The probability of a man hitting a target is $$\frac{2}{5}$$. He fires at the target $$k$$ times ($$k$$, a given number). Then the minimum $$k$$, so that the probability of hitting the target at least once is more than $$\frac{7}{10}$$, is :

The probability of hitting the target in one shot is given as $$ \frac{2}{5} $$. Therefore, the probability of missing the target in one shot is $$ 1 - \frac{2}{5} = \frac{3}{5} $$.

The man fires $$ k $$ times independently. We need the probability that he hits the target at least once to be greater than $$ \frac{7}{10} $$. The event of hitting at least once is the complement of missing every shot. So, the probability of at least one hit is $$ 1 - \text{(probability of all misses)} $$.

The probability of missing all $$ k $$ shots is $$ \left( \frac{3}{5} \right)^k $$. Therefore, the probability of at least one hit is $$ 1 - \left( \frac{3}{5} \right)^k $$.

We set up the inequality:

$$ 1 - \left( \frac{3}{5} \right)^k > \frac{7}{10} $$

Subtract $$ \frac{7}{10} $$ from both sides:

$$ 1 - \frac{7}{10} > \left( \frac{3}{5} \right)^k $$

$$ \frac{3}{10} > \left( \frac{3}{5} \right)^k $$

Since both sides are positive and less than 1, we can take reciprocals and reverse the inequality sign:

$$ \frac{10}{3} < \left( \frac{5}{3} \right)^k $$

Now, $$ \frac{10}{3} \approx 3.333 $$ and $$ \frac{5}{3} \approx 1.6667 $$. We need the smallest integer $$ k $$ such that $$ \left( \frac{5}{3} \right)^k > \frac{10}{3} $$.

Check for $$ k = 1 $$:

$$ \left( \frac{5}{3} \right)^1 = \frac{5}{3} \approx 1.6667 $$

Since $$ 1.6667 < 3.333 $$, it does not satisfy.

Check for $$ k = 2 $$:

$$ \left( \frac{5}{3} \right)^2 = \frac{25}{9} \approx 2.7778 $$

Since $$ 2.7778 < 3.333 $$, it does not satisfy.

Check for $$ k = 3 $$:

$$ \left( \frac{5}{3} \right)^3 = \frac{125}{27} \approx 4.6296 $$

Since $$ 4.6296 > 3.333 $$, it satisfies the inequality.

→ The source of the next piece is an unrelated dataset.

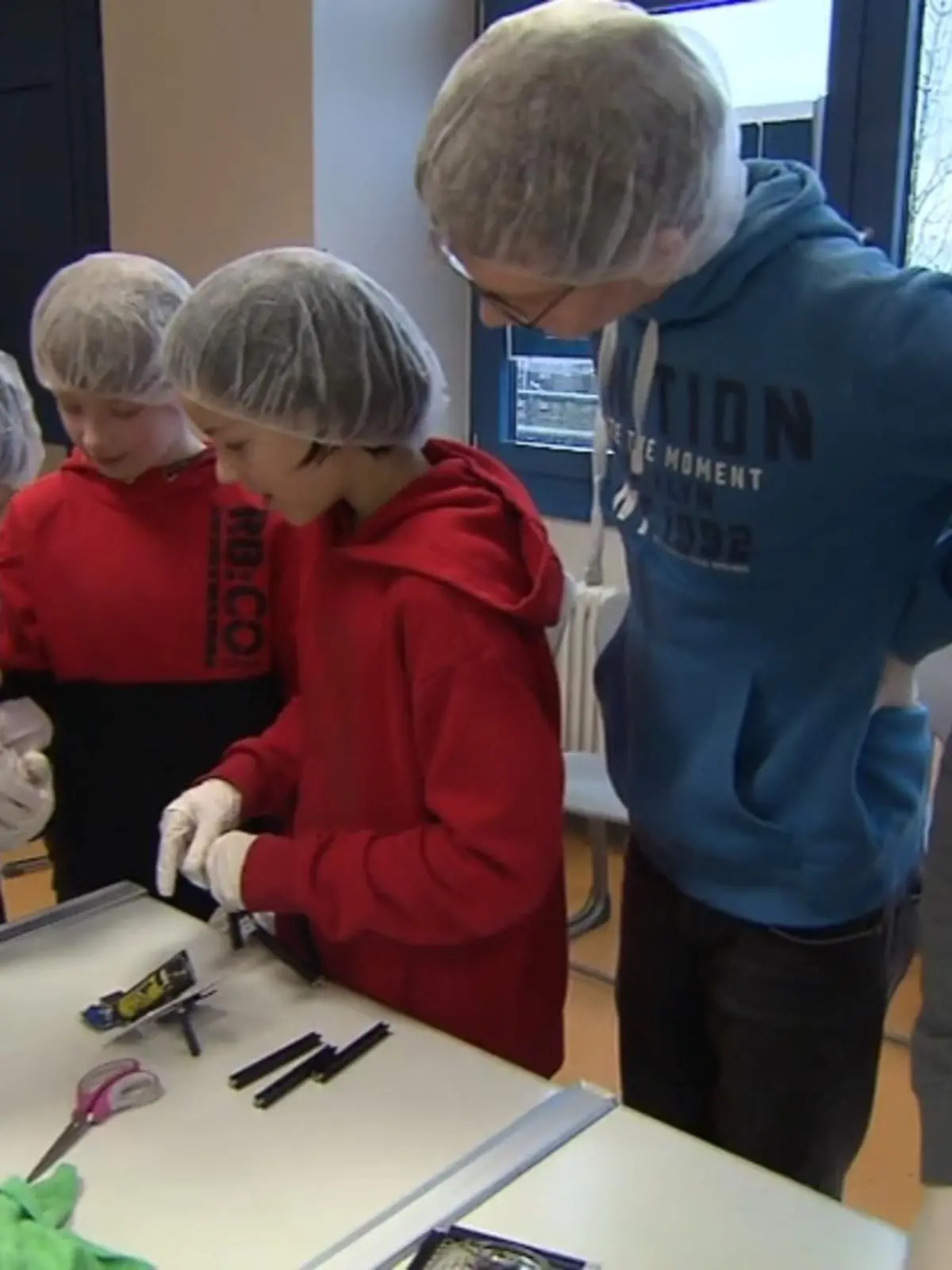 Satelliten sind nur was für Profis, die überlassen wir lieber den großen Firmen! – Falsch gedacht, denn diese Schüler der Weltraum-AG der Dietrich-Bonhoeffer-Schule im hessischen Lich schießen ihren selbst gebauten Satelliten „Cube-Sat“ ins All. Ob dieses kleine Ding damit den großen Durchbruch für eine neue Weltraum-Basis bietet, erfahren Sie im Video.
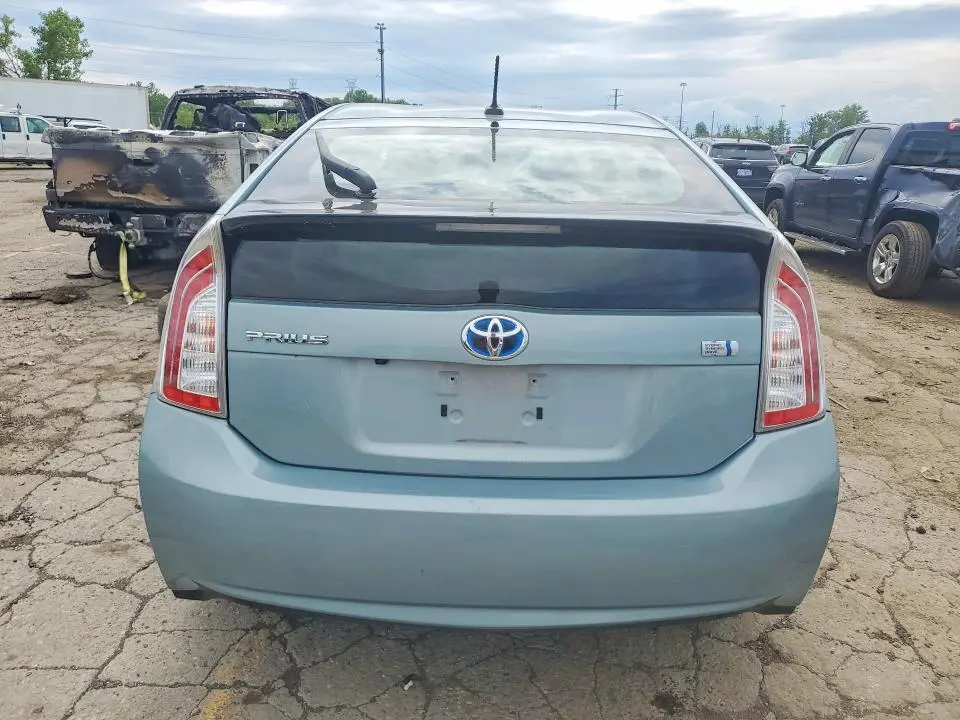 2015 TOYOTA PRIUS THREE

Now, verify the original condition for $$ k = 3 $$:

Probability of all misses: $$ \left( \frac{3}{5} \right)^3 = \frac{27}{125} = 0.216 $$

Probability of at least one hit: $$ 1 - 0.216 = 0.784 $$

Since $$ 0.784 > 0.7 $$ (which is $$ \frac{7}{10} $$), it is correct.

Check if $$ k = 2 $$ works to ensure minimality:

Probability of all misses: $$ \left( \frac{3}{5} \right)^2 = \frac{9}{25} = 0.36 $$

Probability of at least one hit: $$ 1 - 0.36 = 0.64 $$

Since $$ 0.64 < 0.7 $$, it does not satisfy. Thus, $$ k = 3 $$ is the minimum.

The options are: A. 3, B. 5, C. 2, D. 4. Therefore, the correct option is A.

Hence, the correct answer is Option A.